Minder bijstandsontvangers, vooral onder jongeren
Groep x-as label | X-as label | Aantal personen (verandering t.o.v. een jaar eerder (x 1 000)) |
---|---|---|
2014 | 1e kwartaal | 30 |
2014 | 2e kwartaal | 28 |
2014 | 3e kwartaal | 24 |
2014 | 4e kwartaal | 21 |
2015 | 1e kwartaal | 17 |
2015 | 2e kwartaal | 13 |
2015 | 3e kwartaal | 13 |
2015 | 4e kwartaal | 15 |
2016 | 1e kwartaal | 17 |
2016 | 2e kwartaal | 18 |
2016 | 3e kwartaal | 18 |
2016 | 4e kwartaal | 16 |
2017 | 1e kwartaal | 13 |
2017 | 2e kwartaal | 8 |
2017 | 3e kwartaal | 1 |
2017 | 4e kwartaal | -8 |
2018 | 1e kwartaal | -16 |
2018 | 2e kwartaal | -20 |
2018 | 3e kwartaal | -24 |
2018 | 4e kwartaal | -24 |
2019 | 1e kwartaal | -25 |
1)tot de AOW-leeftijd |
Voor het vijfde kwartaal op rij is het aantal bijstandsontvangers tot 27 jaar relatief het sterkst afgenomen.
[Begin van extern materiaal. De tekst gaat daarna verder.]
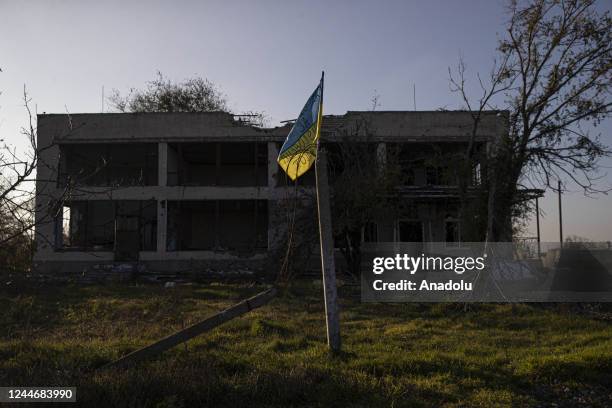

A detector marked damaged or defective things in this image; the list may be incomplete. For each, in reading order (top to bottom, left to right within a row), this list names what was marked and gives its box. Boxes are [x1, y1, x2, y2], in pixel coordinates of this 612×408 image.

damaged building [31, 111, 504, 278] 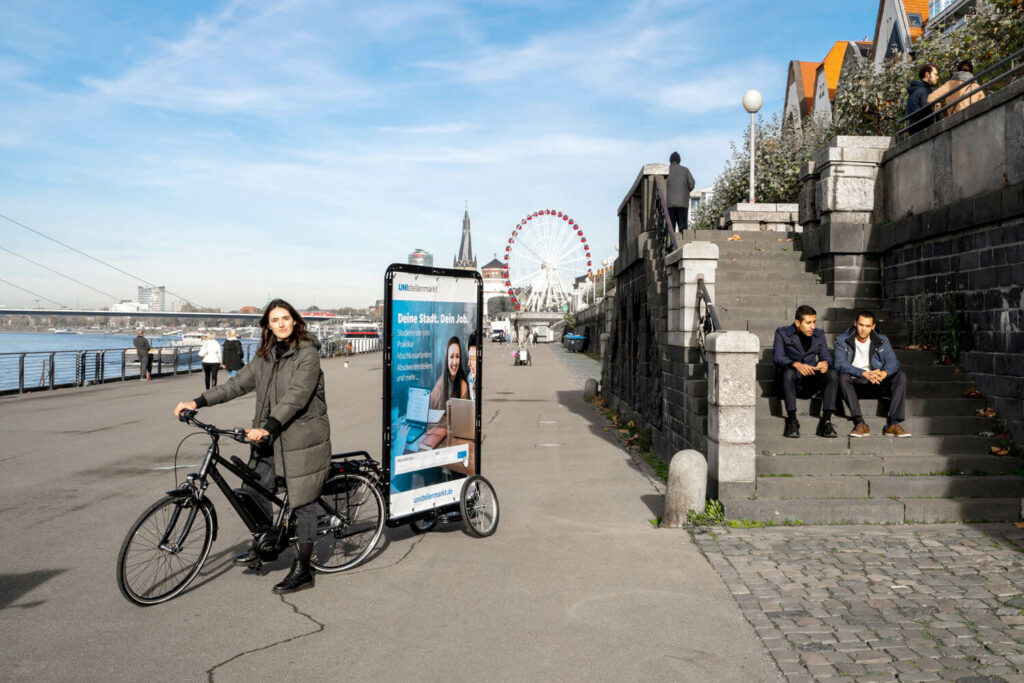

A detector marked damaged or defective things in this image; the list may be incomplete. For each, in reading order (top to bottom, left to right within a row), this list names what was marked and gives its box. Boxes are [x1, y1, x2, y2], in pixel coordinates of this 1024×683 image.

crack in asphalt [203, 589, 323, 679]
Eind maart 2019 was deze groep ruim 14 procent kleiner dan een jaar eerder. Dat komt neer op een daling van bijna 7 duizend personen. Het aantal 27- tot 45-jarigen in de bijstand daalde in dezelfde periode met circa 17 duizend, of 10 procent.
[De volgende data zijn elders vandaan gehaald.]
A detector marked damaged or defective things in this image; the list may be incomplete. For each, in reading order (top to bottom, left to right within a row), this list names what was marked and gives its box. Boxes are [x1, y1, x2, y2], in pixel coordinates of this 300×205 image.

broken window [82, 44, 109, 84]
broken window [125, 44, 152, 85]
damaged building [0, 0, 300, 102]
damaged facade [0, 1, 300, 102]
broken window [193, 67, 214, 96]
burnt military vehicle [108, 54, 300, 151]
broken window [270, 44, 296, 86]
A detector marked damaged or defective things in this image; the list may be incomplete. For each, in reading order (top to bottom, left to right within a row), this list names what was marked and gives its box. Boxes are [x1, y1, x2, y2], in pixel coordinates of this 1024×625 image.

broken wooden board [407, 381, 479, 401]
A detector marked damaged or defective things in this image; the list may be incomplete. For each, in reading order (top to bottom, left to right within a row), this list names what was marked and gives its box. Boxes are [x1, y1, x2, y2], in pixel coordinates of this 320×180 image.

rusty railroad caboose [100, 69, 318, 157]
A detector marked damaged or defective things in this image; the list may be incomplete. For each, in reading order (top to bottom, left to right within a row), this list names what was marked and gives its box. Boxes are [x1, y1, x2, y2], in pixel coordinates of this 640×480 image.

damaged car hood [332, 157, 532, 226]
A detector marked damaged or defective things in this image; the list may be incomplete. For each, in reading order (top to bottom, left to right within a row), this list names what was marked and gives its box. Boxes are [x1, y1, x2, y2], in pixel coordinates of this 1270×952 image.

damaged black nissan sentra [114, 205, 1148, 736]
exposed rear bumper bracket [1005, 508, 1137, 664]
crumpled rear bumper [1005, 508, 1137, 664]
Duidelijk minder is de daling van het aantal bijstandsontvangers onder 45-plussers. Deze groep kromp met 2 duizend personen, iets minder dan 1 procent. Door de jaarlijkse verhoging van de AOW-gerechtigde leeftijd stromen de oudsten uit deze groep later uit dan hun leeftijdgenoten een jaar eerder. Bij een jaar-op-jaarvergelijking leidt dat tot een kleinere uitstroom. Per 1 januari 2019 is de AOW-leeftijd met vier maanden verhoogd tot 66 jaar en vier maanden.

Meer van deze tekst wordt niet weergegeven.